• [TASK REQUIREMENTS]:
What you return should be the lines from the one with "Copenhagen Denmark Tote" through the one with "Mediation Agreement" in the data below, reproduced exactly with both ends, and no pictures at all.

• [THE INPUT]:
━━━━━━

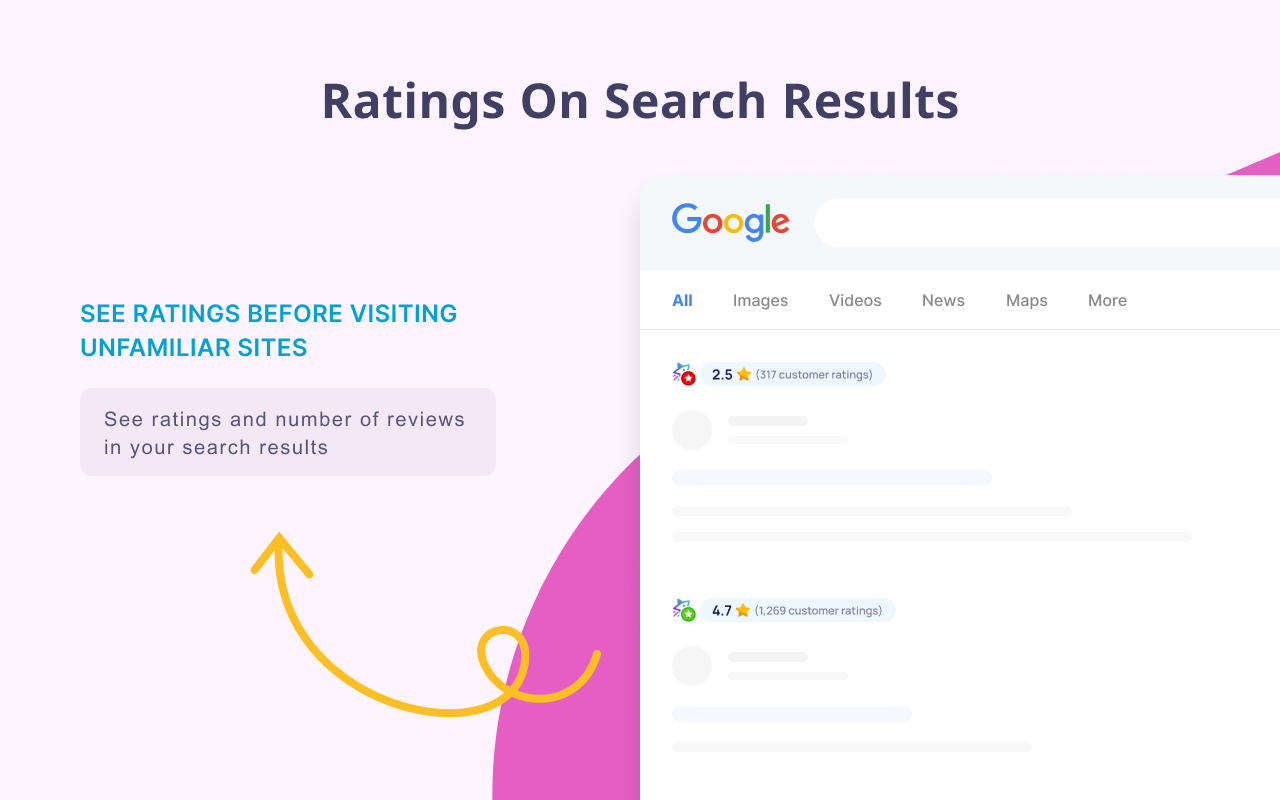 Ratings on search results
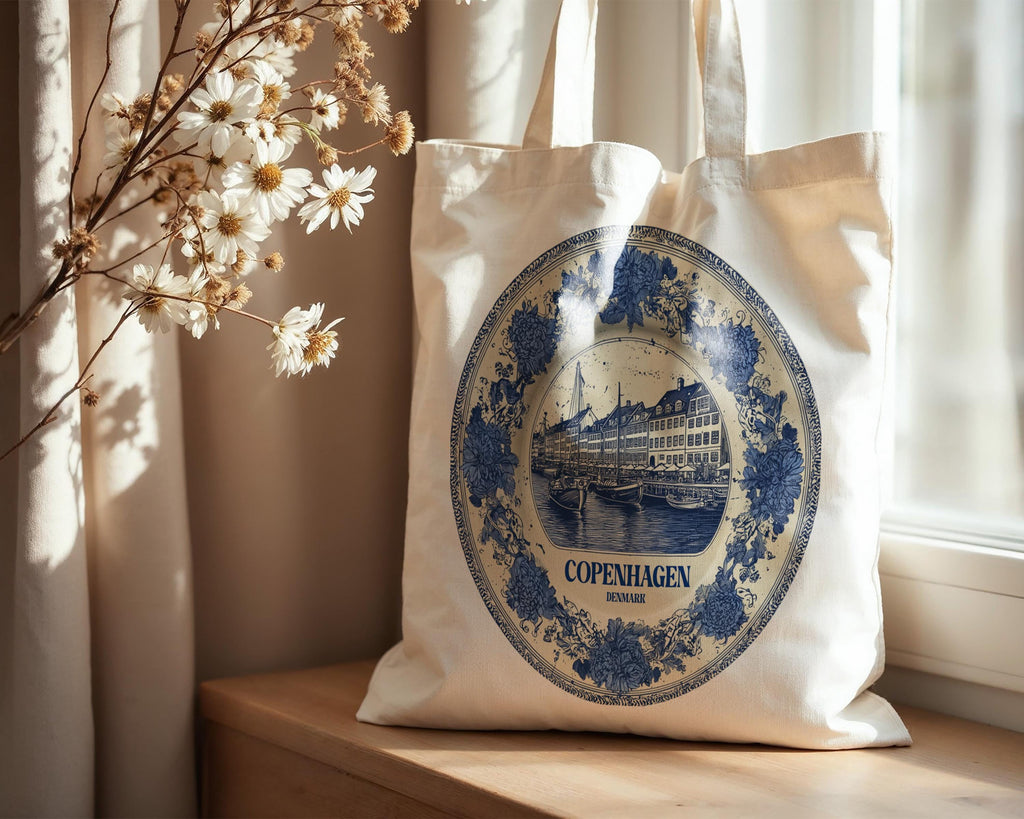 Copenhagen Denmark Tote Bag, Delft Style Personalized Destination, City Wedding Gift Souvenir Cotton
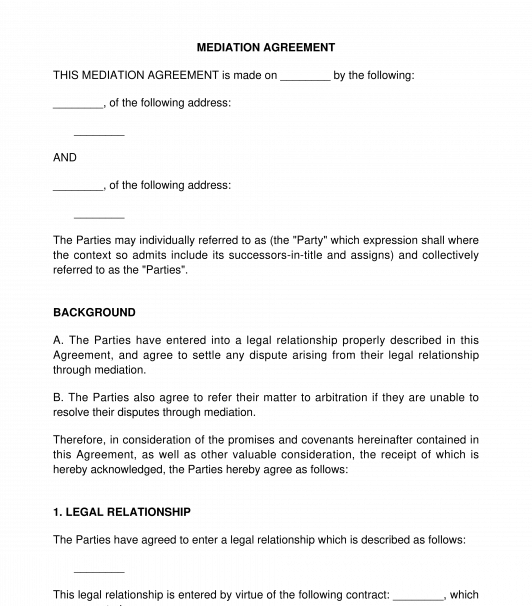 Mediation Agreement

━━━━━━

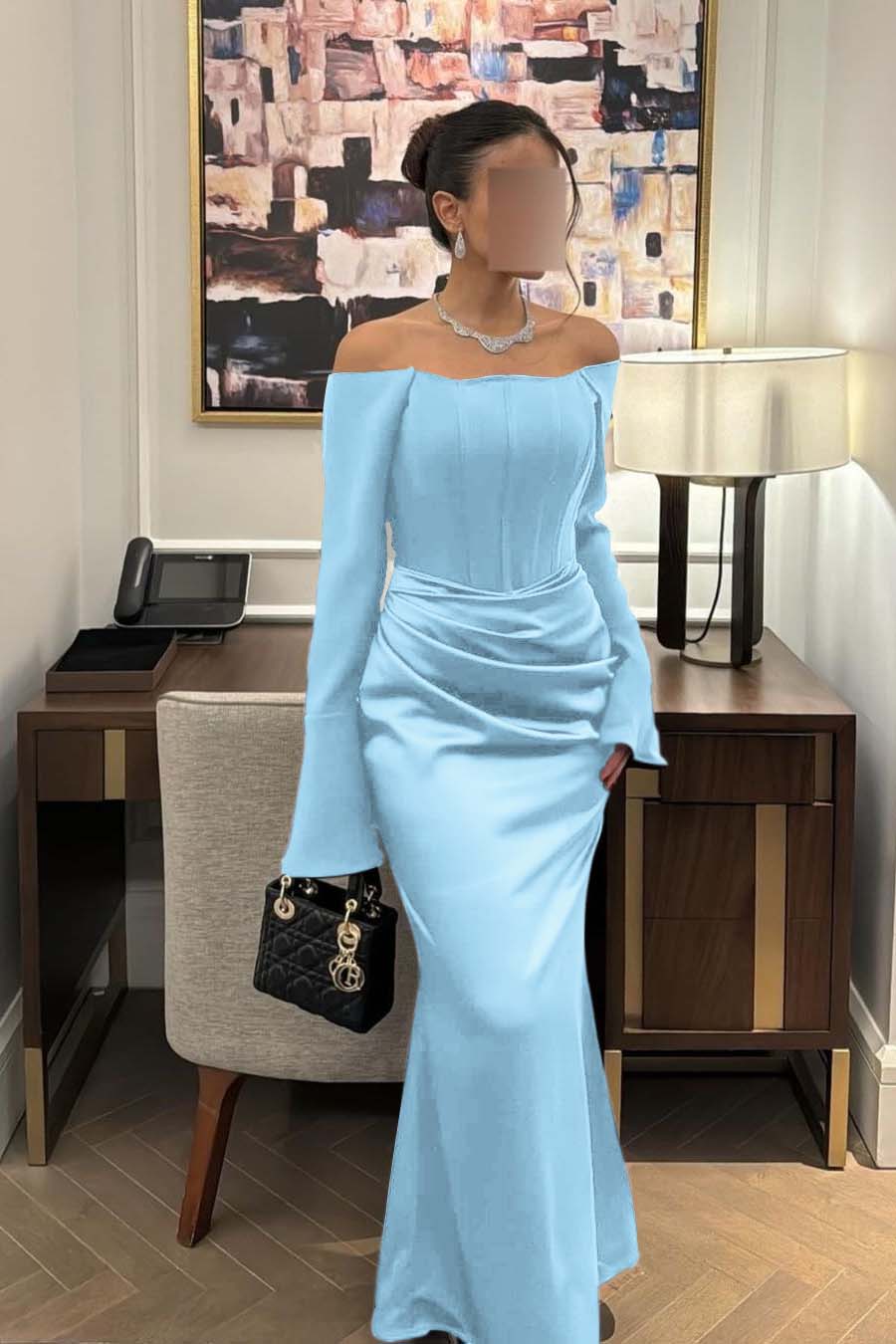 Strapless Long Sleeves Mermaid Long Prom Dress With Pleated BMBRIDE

━━━━━━

• [COMPLETED TASK]:
 Copenhagen Denmark Tote Bag, Delft Style Personalized Destination, City Wedding Gift Souvenir Cotton
 Mediation Agreement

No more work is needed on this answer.